Friday, September 14, 2012
Prints stand the test of time
1994 1931
The photography we’re posting on digital media has a shelf life of about ten minutes. We need to think beyond Facebook, Instagram, Flicker etc.
Do yourself one very important favor. When you capture that great picture of your spouse, kids or pets put the picture in a folder called to be printed. Take your disk or what ever to a lab and have some prints made. Photographic prints stand the test of time. Storing pictures on your phone will fail you someday.
You don’t want to look back 20 years from now and say I can’t remember what my kids looked like on their first day of school. Do it for yourself and for your family.

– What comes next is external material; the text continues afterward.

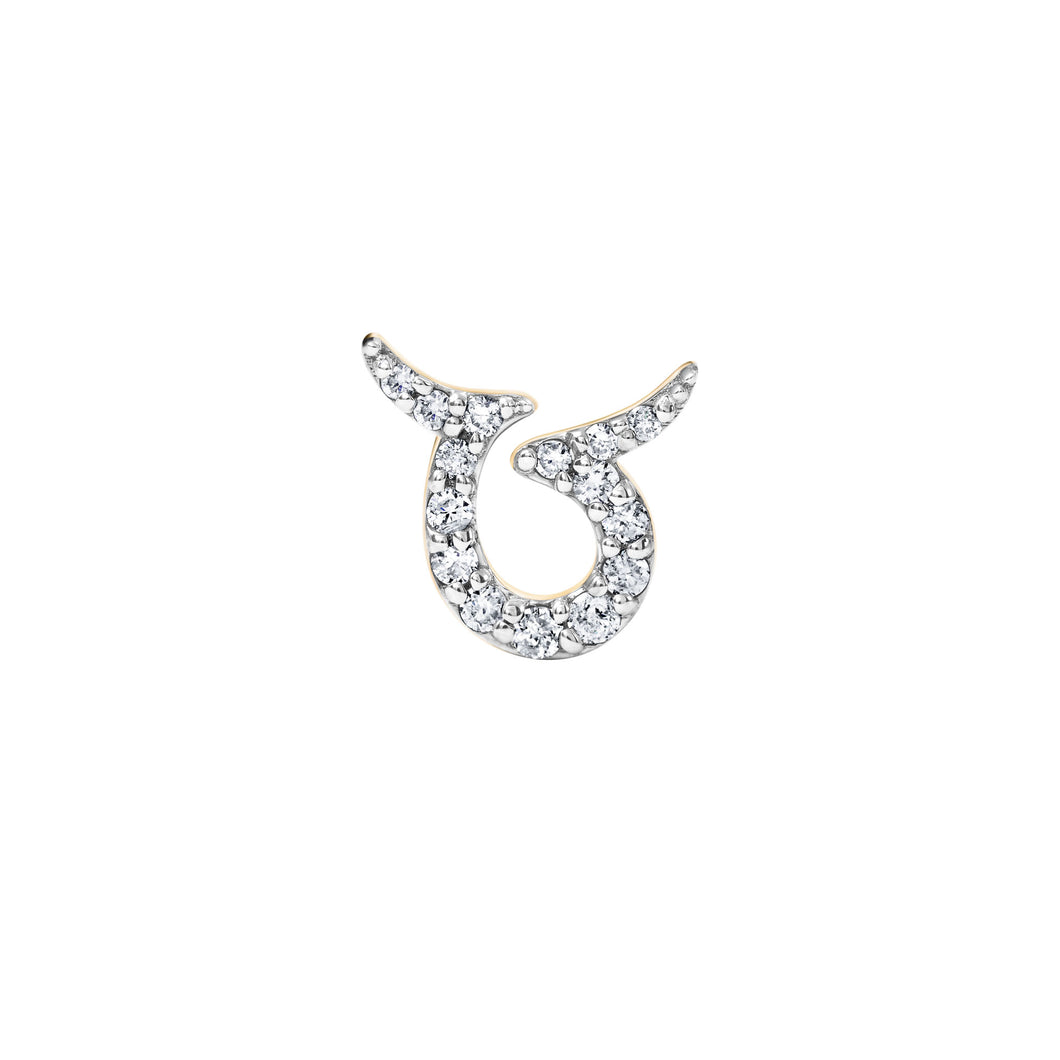 ZODIAC TAURUS-  DIAMOND STUD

The pictures I’m posting are of my son (left) when he was 13. It was 1994. It’s shot on film and I have a similar print displayed in our home. The picture to the right is of my father when he was 10 years old. It was 1931
Thursday, September 13, 2012
Bonkers with a cell phone
Hipstamatic / Winkelman, AZ.
Cell phone photography has gone bonkers. Image quality has risen to a point where the work looks great. You don't even need to hold the camera to your face or close one eye. When people say everyone is a photographer now. It's so true. What defines a photographer these days. It's all over the place. Imagine being a fine art photographer who makes a living selling images. Good luck! Just look at Instagram. Quality photography is being produced by 10's of thousands of people all over the world.
Beyond my commercial work, this type of photography is still a self indulging practice for me. I can't live my life through how many "likes" I receive. It has to be fun for me or why do it at all.
I'm still shooting film but not as much.
View Camera Portrait
Jason 1994
1994, 13 years old and life's a bitch. Budding testosterone and way to many important decisions to be made. He's got that leadership eye and whit. He's done quite well for himself. Grew up, got married and has a terrific career in the semiconductor industry.
The image was made with a Deardorff 8 X 10 view camera using a 360mm Rodenstock lens. The film is Tmax 100 and it was developed by hand in a rotatory drum using Tmax RS developer.